Rev Henry Fraser was the first owner and occupier of 12 Moray Place, until at least 1875. He was the first pastor of the United Presbyterian Church on Langside Avenue. The church opened in 1857 (as Langside Road UP Church), but was replaced with a new building by John Bennie Wilson in 1897. That church in turn became St Helen’s RC Church, a role it still fulfils today, on the corner of Deanston Drive.
The following biography is taken from “History of the congregations of the United Presbyterian Church, from 1733 to 1900”, published 1904.
On 14th April 1857 a petition from 21 persons in the district of Strathbungo to be received into Church fellowship with the view of being erected into a congregation was laid before the Presbytery of Glasgow. Along with this there was a paper subscribed by 31 members of the denomination declaring their readiness to encourage and support the movement. It was also stated that £100 had been collected for the building of a church, that a free site had been obtained and £500 to meet prospective expenditure, and it was hoped the congregation would be self-supporting from the first. After some demur from Pollokshaws session about the station having been begun without the sanction of the Presbytery a committee met with the applicants, and on iith August a congregation was formed with a membership of 17, of whom 11 had been admitted by examination and 6 by certificate.
First Minister. — Henry Erskine Fraser, M.A., son of the Rev. William Fraser, Alloa (West), and great-grandson of the Rev. Henry Erskine, Falkirk. Mr Fraser, when a preacher, was called first to Methven and then to Hexham, but having accepted North Shields he was ordained there, 20th November 1845. Being invited to undertake the building up of a congregation at Langside he resigned a flourishing charge on 2nd September 1856 and removed to Glasgow. The population around being sparse progress was not rapid, and it was not till February 1858 that a moderation was applied for, but though the call which followed was signed by only 26 members and 31 adherents there was a stipend promised of £200. Mr Fraser was inducted on 23rd March, and for another year the congregation continued to worship in a schoolroom at Crossmyloof. Then on 6th March 1859 the new church, with 450 sittings, was opened by Professor Eadie, when the collections amounted to over £80. The cost came up to £1600. In 1879 steps ere taken to secure a junior minister, the pecuniary arrangements being that Mr Fraser should receive £150 for five years, and after that £120, the colleague to have £315.

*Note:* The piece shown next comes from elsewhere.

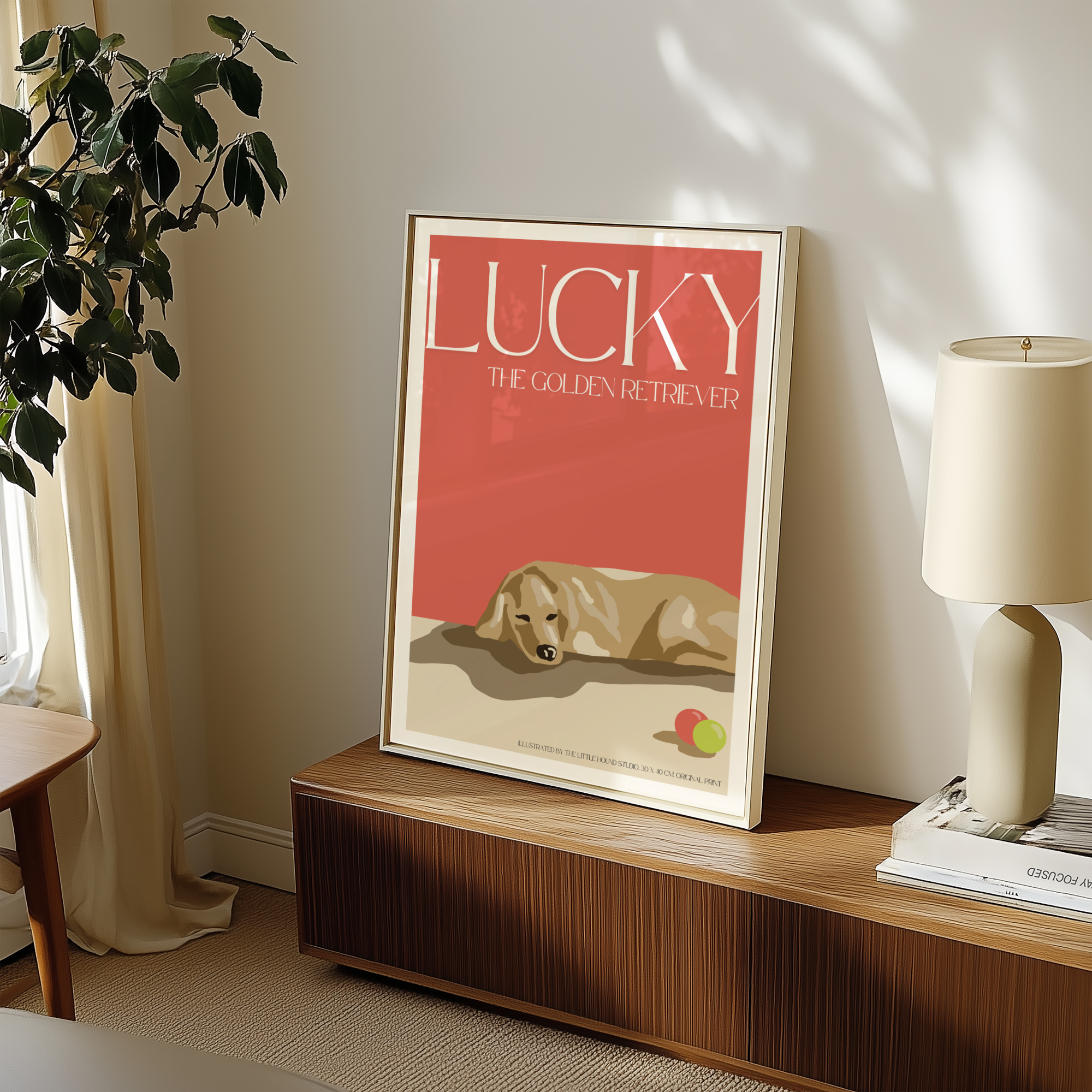 A custom pet portrait of Lucky the golden retriever, beautifully framed and leaning against the wall on a sleek midcentury modern TV console. The artwork captures Lucky’s warm and friendly expression, complementing the rich wood tones, clean lines, and retro-inspired décor of the space.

Second Minister. — James R Houston, translated from Govan (Greenfield), his third charge, and inducted into Langside Road, 24th June 1879. At the end of that year the membership was 183. The entire work of the congregation devolved on Mr Houston from the first, and in 1884 the Presbytery, with his own consent, sanctioned the reduction of Mr Fraser’s retiring allowance to £75 on account of the congregation’s financial position. He now removed to Edinburgh, where he died, after a brief illness, on 15th May 1890, in the seventy-third year of his age and forty-fifth of his ministry. His son, Mr Norman Fraser, was ordained two years afterwards at Saffronhall, Hamilton. A new church was opened on Friday, 21st May 1897, by Dr Smith of Broughton Place, Edinburgh, the collections that day and on the two following Sabbaths amounting to £314. The building cost £5600, and there were 780 sittings. The membership of Langside Road in December 1899 was 400, and though the interest on borrowed money must have told largely on the funds the stipend kept at £315, as before.